Saturday 9 May 2009

Watered down Porter and Stout

It's incredible what information there is out there. If you know where to look for it. Or, as I did in this case, stumble across it while looking for something else.

The section on Porter and Stout in "Food and its adulterations" (by Arthur Hill Hassall, 1855) is very revealing of the real world characteristics of Porter. As you've probably noticed, much of what I write is based on brewing records. Which should, in theory, give a true picture of 19th century beer. If it weren't for the fact that publicans were wont to tamper with beer once they got their hands on it.

The book has a fascinating table of analyses of Porter and Stout. Some samples were obtained at the brewery, some at the brewery tap and others from publicans. Let's take a look at Stout first:


The samples from a brewery of brewery tap range from 1063 to 1081. Those from publicans from 1041 to 1076. 1041? That's way too weak, even for Porter. For Stout, it's a total joke. Of the 11 samples, only the top four seem reasonable.

Now let's move on to Porter. First the brewery/brewery tap samples:


Even some of these look wrong. Having seen plenty of Porter brewing logs of this period, I'm pretty sure anything under 1050 has been tampered with. Of the beers from brewery taps, only the Truman and Meux Porters look about right.

Not very good. Until you look at the publican samples:


Of course, we don't know which breweries the samples come from. But there's still not a one of them that's right. All the Porter brewing logs I've seen for this period show gravities of 1055-1065. (See table below.) Some of the publican samples must have had almost as much water as Porter in them. I was shocked to see OG's below 1040.


"This diminution of strength in the beer purchased of publicans is only to be satisfactorily explained by the addition in many cases of water, this addition being no doubt sometimes practised by the publicans and other retailers of malt liquors."
"Food and its adulterations" by Arthur Hill Hassall, 1855, page 631

Couldn't have put it better myself. Someone was watering the beer.

More tomorrow on Porter, its adulteration and its flavour.

10 comments:

Tandleman said...

I makes you wonder what this adulterated beer tasted like. It would certainly have been flat as a pancake. Surely?

Pivní Filosof said...

I'm confused here, but afraid I will look stupid if I ask, but ask I will.

How could the OG's be taken from beers at pubs?

Ron Pattinson said...

Pivni Filosof, obviously they couldn't measure the OG of the wort. They'll have measured the FG and then boiled off the alcohol to measure the amount of alcohol. With the alcohol content and FG you can calculate the OG.

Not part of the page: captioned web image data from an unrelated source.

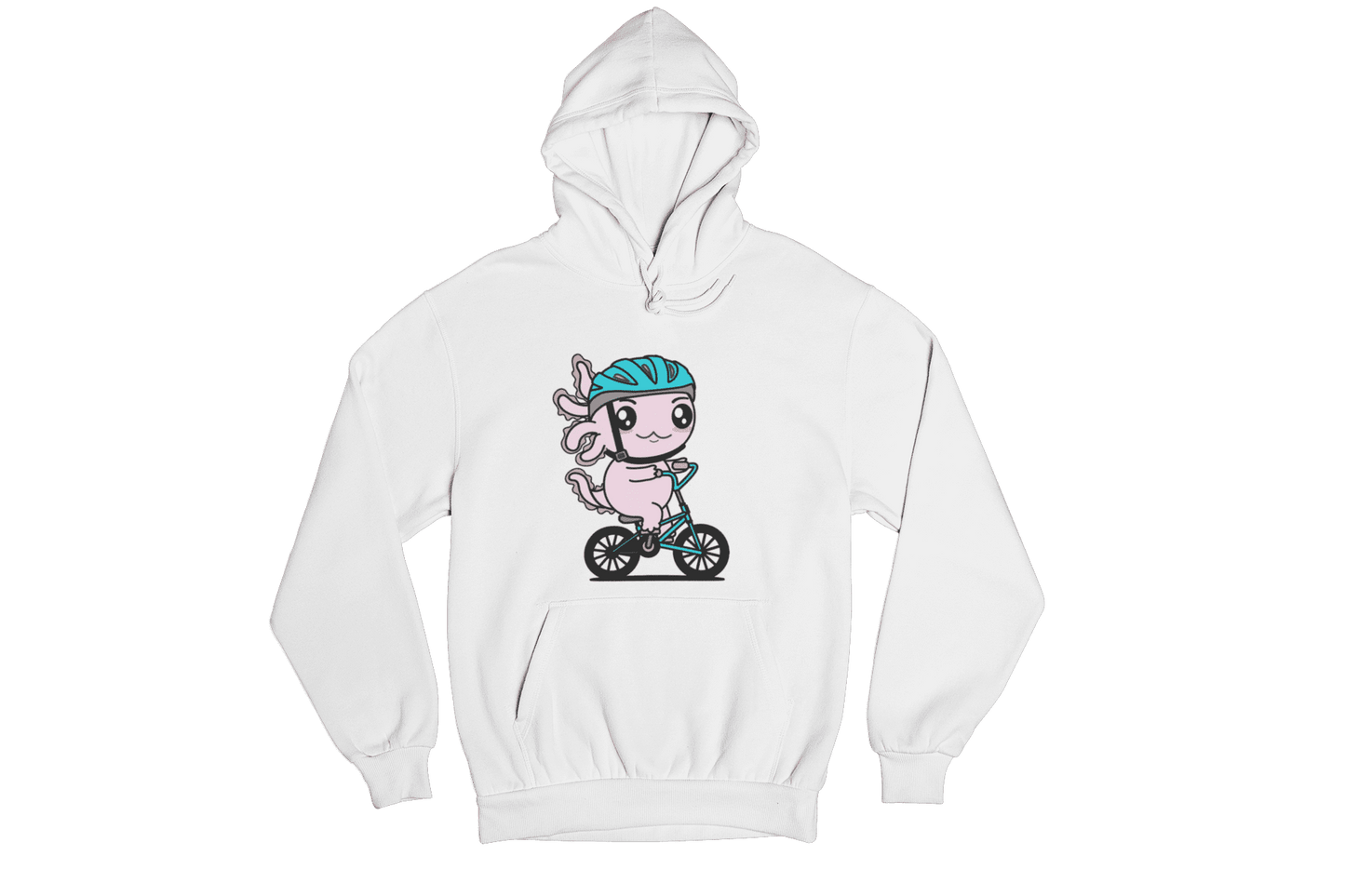 Axolotzin Ciclista Ajolote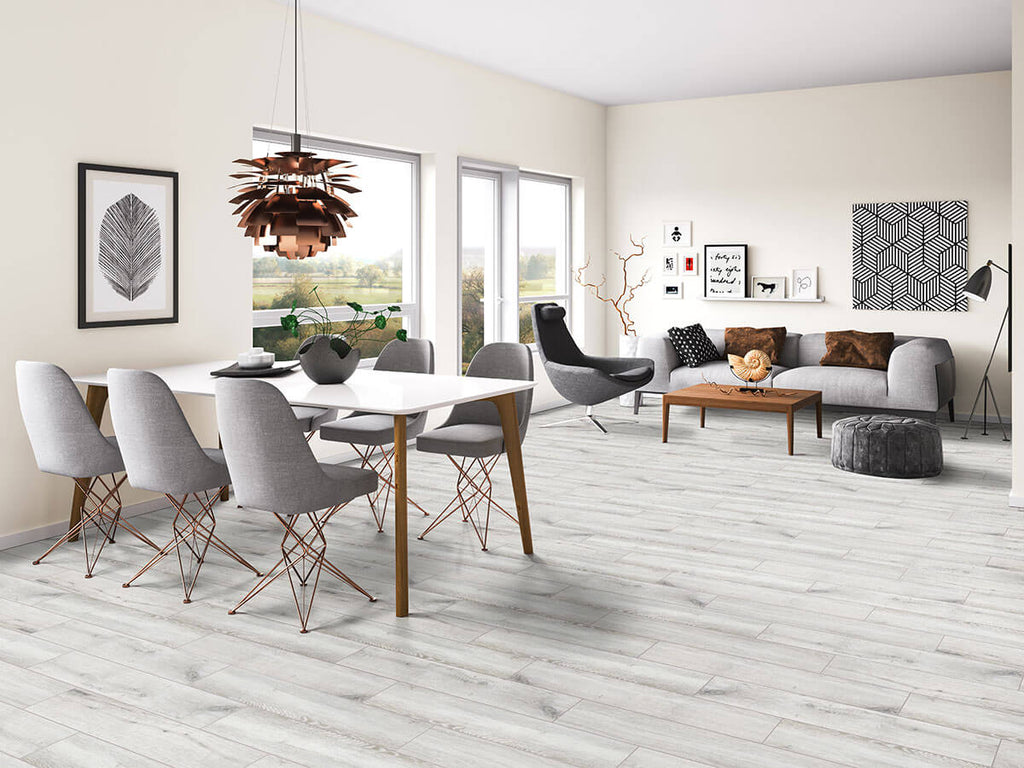 Antoni Platinum 6"x36" Matte Porcelain Tile - image 4
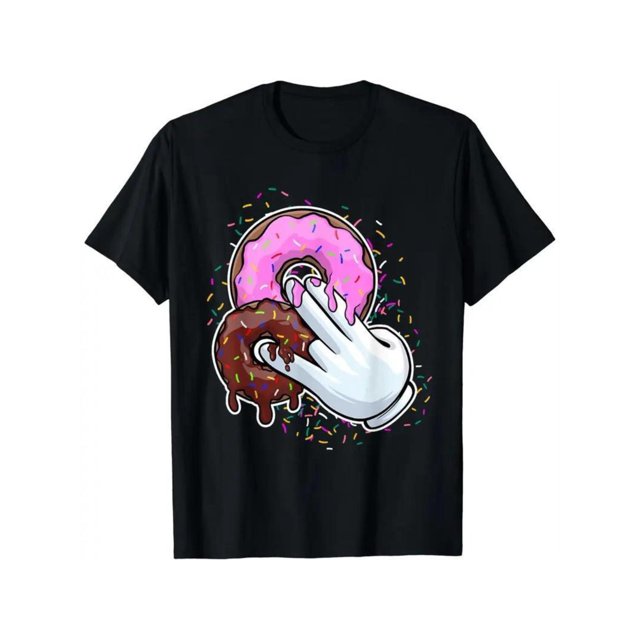 Men's Cotton Short Sleeve T-Shirt - 'Funny Dirty adults: Sex in The Pink, in The Stink' Humor Tee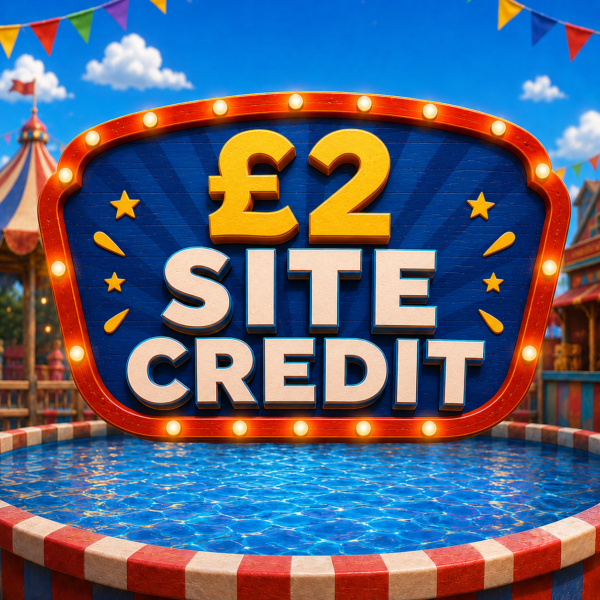 £2 SITE CREDIT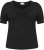 Kaffe Curve Sissy T-shirt Głęboka czerń - T-shirty -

If you look in the notes and the bottom of the table you'll wee that the OG is my calculation.

Gary Gillman said...

Ron, a rought average of the porter gravities from the pubs gives about 4%, similar to a decent ordinary today. This shows I think that gravity has not changed very much in practice for draught beer. When the gravity drop occurred later, can one assume that it was co-incident with a time when watering stopped or had ceased? So the brewers, if they kept prices the same when the great gravity drop occured, would have appropriated the benefit the publicans took earlier. I doubt much watering occurred after the gravity drop, because first, probably regulatory laws were tighter by then. Second, any dilution of already fairly low gravity beer would have been too obvious. So in a sense, it seems later, brewers simply aligned their practice to the consumer expectation and the draft beer picture in ABV terms hasn't changed much since the mid-1800's.

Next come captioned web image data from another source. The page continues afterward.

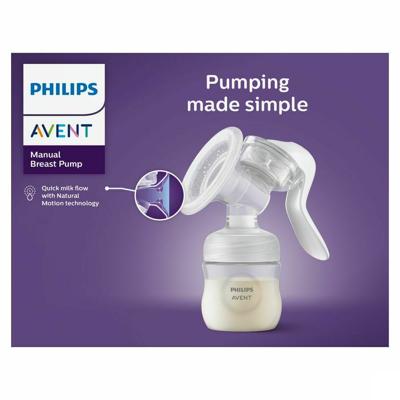 Philips Avent Manuele Borstpomp Naturel - thumbnail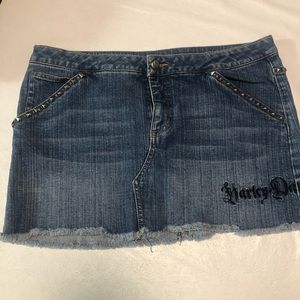 Harley Davidson skirt
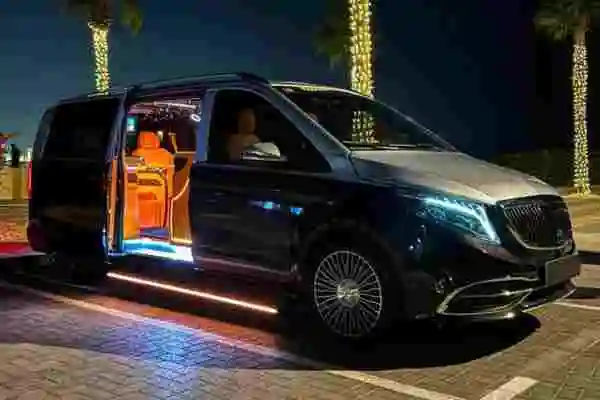 Mercedes Vito VIP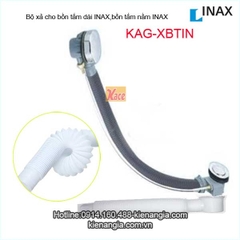 Bộ xả cho bồn tắm Inax KAG-XBTIN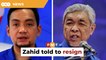 Resign, Johor MB tells Zahid after BN’s loss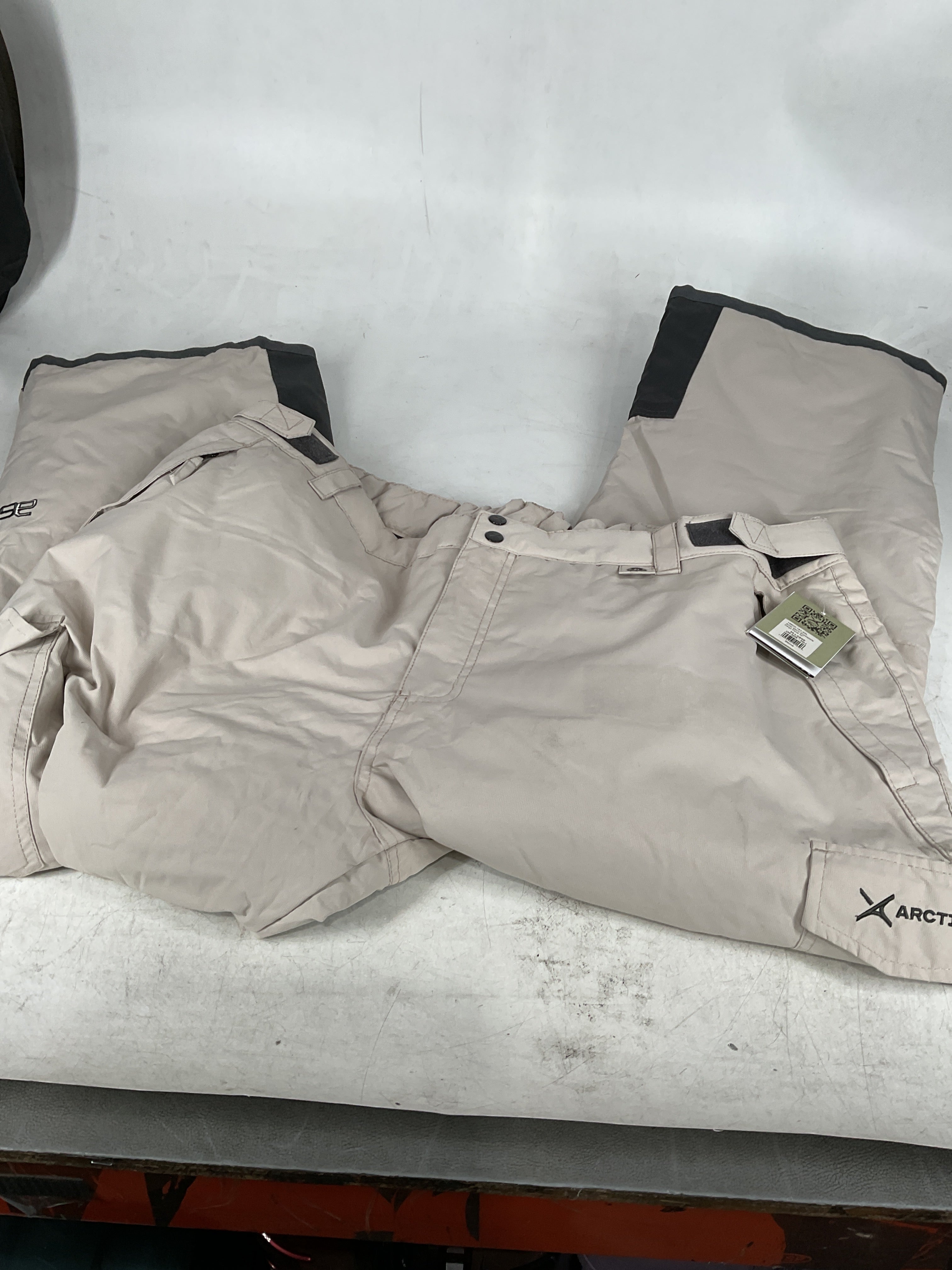 Arctix Men's Insulated Snowsports Cargo Pant Stone 3 X Large 32 Inseam U1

This would also explain the high reputation that the good bottled beers had until recently. The fame attached to bottled Hodgson, Allsop's, Bass, B&P must have been in part because the original strength was maintained.

Gary

Rob Sterowski said...

I always wondered how 19th century drinkers could sink pints of 7% beer without falling over. It makes more sense if you can assume it was probably much less strong than that by the time it got to the drinker's glass. Is there any indication for how widespread the practice of watering beer was?

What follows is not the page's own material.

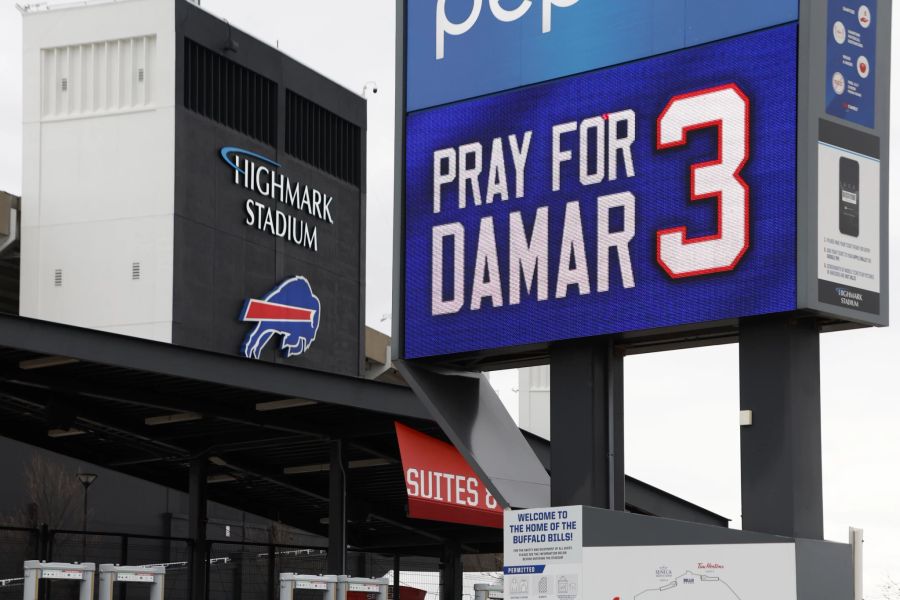 NFL Bills Damar Hamlin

And is there any evidence that brewers knew their beer was likely to be adulterated, and brewed stronger to compensate?

Pivní Filosof said...

Ron, Thanks a lot for the answer.
I hadn't noticed the note at the bottom of the tables. Still, without your explanation, it wouldn't have made much sense.

Rob Sterowski said...

Tandleman, my understanding of cellarmanship is quite limited, but doesn't a cask of beer generate quite a bit more CO2 than is needed to carbonate the beer? The cellarman could surely have handled the cask in such a way as to preserve enough CO2 to carbonate the greater volume of watered-down beer.

Ron Pattinson said...

Gary, it's hard to say what later 19th-century practice was without more evidence. No doubt I will turn some up, eventually. I do have some evidence from the 1890's, but it's for the wrong country.

What evidence from the 1920's and 1930's shows is that some pubs were directing slops to Mild or Burton, but not watering their beer.

Ron Pattinson said...

Barm, the text says that the practice was to add water and sugar. Presumably the sugar would boost any secondary fermentation.

Tandleman said...

My experience of cask beer, albeit not in the 19th century is that condition, once lost is almost impossible to recover. Mind you, there would have been much more active yeast in cask in these days. Who knows?